Correction of chain losses in trapped ion quantum computers

TL;DR

The paper addresses the challenge of ion loss in long trapped-ion chains, which can destabilize an entire quantum register. It introduces a distributed quantum error correction framework that spreads data across multiple chains, uses beacon qubits for rapid loss detection, and employs a decoder capable of handling both circuit faults and erasures turning chain losses into more tractable erasure errors. The approach is instantiated with a modified $[[72,12,6]]$ BB code and a sparse cyclic layout, and validated through circuit-level simulations showing performance close to a no-loss baseline for favorable loss-exponent regimes, along with quantified thresholds and beacon timing benefits. The work demonstrates a viable path toward scalable, loss-robust trapped-ion quantum computers and highlights design considerations for fast, distributed loss detection and erasure-aware decoding.

Abstract

Neutral atom quantum computers and to a lesser extent trapped ions may suffer from atom loss.

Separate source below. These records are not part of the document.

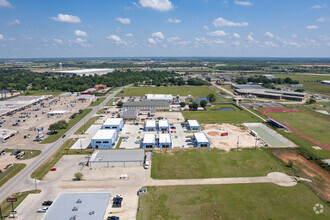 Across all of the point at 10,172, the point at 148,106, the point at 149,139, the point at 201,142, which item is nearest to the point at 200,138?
the point at 201,142

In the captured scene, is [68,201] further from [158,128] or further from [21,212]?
[158,128]

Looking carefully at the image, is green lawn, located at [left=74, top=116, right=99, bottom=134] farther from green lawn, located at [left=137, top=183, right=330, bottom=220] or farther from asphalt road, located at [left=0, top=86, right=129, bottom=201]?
green lawn, located at [left=137, top=183, right=330, bottom=220]

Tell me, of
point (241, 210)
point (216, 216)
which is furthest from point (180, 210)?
point (241, 210)

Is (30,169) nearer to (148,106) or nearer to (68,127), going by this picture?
(68,127)

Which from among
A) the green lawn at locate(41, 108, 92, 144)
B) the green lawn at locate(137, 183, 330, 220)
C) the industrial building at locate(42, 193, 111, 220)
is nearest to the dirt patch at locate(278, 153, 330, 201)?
the green lawn at locate(137, 183, 330, 220)

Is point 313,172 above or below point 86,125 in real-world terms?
below

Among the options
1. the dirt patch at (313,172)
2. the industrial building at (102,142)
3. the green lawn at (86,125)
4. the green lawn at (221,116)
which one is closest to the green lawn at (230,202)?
the dirt patch at (313,172) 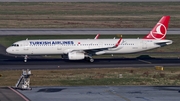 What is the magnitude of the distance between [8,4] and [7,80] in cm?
10924

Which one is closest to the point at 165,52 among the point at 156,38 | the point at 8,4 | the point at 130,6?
the point at 156,38

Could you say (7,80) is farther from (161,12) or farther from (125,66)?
(161,12)

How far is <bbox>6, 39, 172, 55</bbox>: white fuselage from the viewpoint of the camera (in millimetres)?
65062

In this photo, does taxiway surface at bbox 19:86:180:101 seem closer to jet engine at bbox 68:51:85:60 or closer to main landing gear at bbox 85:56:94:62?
jet engine at bbox 68:51:85:60

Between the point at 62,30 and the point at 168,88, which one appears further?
the point at 62,30

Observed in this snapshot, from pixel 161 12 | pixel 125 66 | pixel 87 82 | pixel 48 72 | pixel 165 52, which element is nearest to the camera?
pixel 87 82

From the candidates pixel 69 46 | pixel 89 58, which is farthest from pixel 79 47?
pixel 89 58

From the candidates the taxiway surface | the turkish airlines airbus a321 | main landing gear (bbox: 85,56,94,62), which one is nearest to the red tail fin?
the turkish airlines airbus a321

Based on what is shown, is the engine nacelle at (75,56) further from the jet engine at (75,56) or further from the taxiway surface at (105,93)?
the taxiway surface at (105,93)

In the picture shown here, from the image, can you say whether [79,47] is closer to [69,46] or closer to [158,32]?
[69,46]

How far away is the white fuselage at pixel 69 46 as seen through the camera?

In this work, we investigate the impact of atom loss in long chains of trapped ions. Even though this is a relatively rare event, ion loss in long chains must be addressed because it destabilizes the entire chain resulting in the loss of all the qubits of the chain. We propose a solution to the chain loss problem based on (1) a quantum error correction code distributed over multiple long chains, (2) beacon qubits within each long chain to detect the loss of a chain, and (3) a decoder adapted to correct a combination of circuit faults and erasures after beacon qubits convert chain losses into erasures. We verify the chain loss correction capability of our scheme through circuit level simulations with a distributed $[[72,12,6]]$ BB code with beacon qubits.

Figures (5)

• Figure 1: Catastrophic chain loss: The loss of one module leads to the subsequent loss of all modules after several cyclic shift and merge operations. The top row (D0, D1, D2) contains fixed modules of data qubits, and the bottom row (A0, A1, A2) contains moving modules of ancilla qubits. A dashed rectangle indicates merged modules.
• Figure 2: Logical error rate as a function of $p$, with $p_{\text{loss}} = p^\alpha$ for $\alpha \in \{1.7, 1.9, 2.1\}$.
• Figure 3: Logical error rate as a function of $p$, with $p_{\text{loss}} = p^\alpha$ for $\alpha \in \{1.5, 1.7, 1.9, 2.1\}$. We plot dashed curves only for $\alpha \in \{1.5, 2.1\}$, as the 4 dashed curves are closely clustered.
• Figure 4: Effect of losing data module 0 at different time steps. The top plot shows results for the X-then-Z stabilizer measurement order, while the bottom plot uses the reverse Z-then-X order. Shaded areas (blue for X, red for Z) indicate stabilizer measurement steps, during which some modules are merged to execute 2-qubit gates. White areas represent ancilla reset/measurement steps, during which all modules are separate. Solid curves represent the $X$ logical error rate, and dashed curves represent the $Z$ logical error rate. $p$ in the legend denotes the physical 2-qubit gate error rate.
• Figure 5: Effect of a single random chain loss occurring at a random time step. Each of the three plots corresponds to a different 2-qubit gate error rate. The colored squares show the logical error rate for $600$ randomly sampled chain loss events, defined by the time step ($x$-axis) and the lost module index ($y$-axis). During merged steps (unshaded regions), an ancilla module cannot be lost independently; it is lost jointly with the data module it is merged with. For this reason, no independent loss events are sampled for ancilla modules (indices 24-35) in the unshaded regions. To aid interpretation, the plot uses nearest-neighbor interpolation for unsampled data module (indices 0-23) loss events. Therefore, for the data modules, the color map represents true simulated data only at the locations of the colored squares.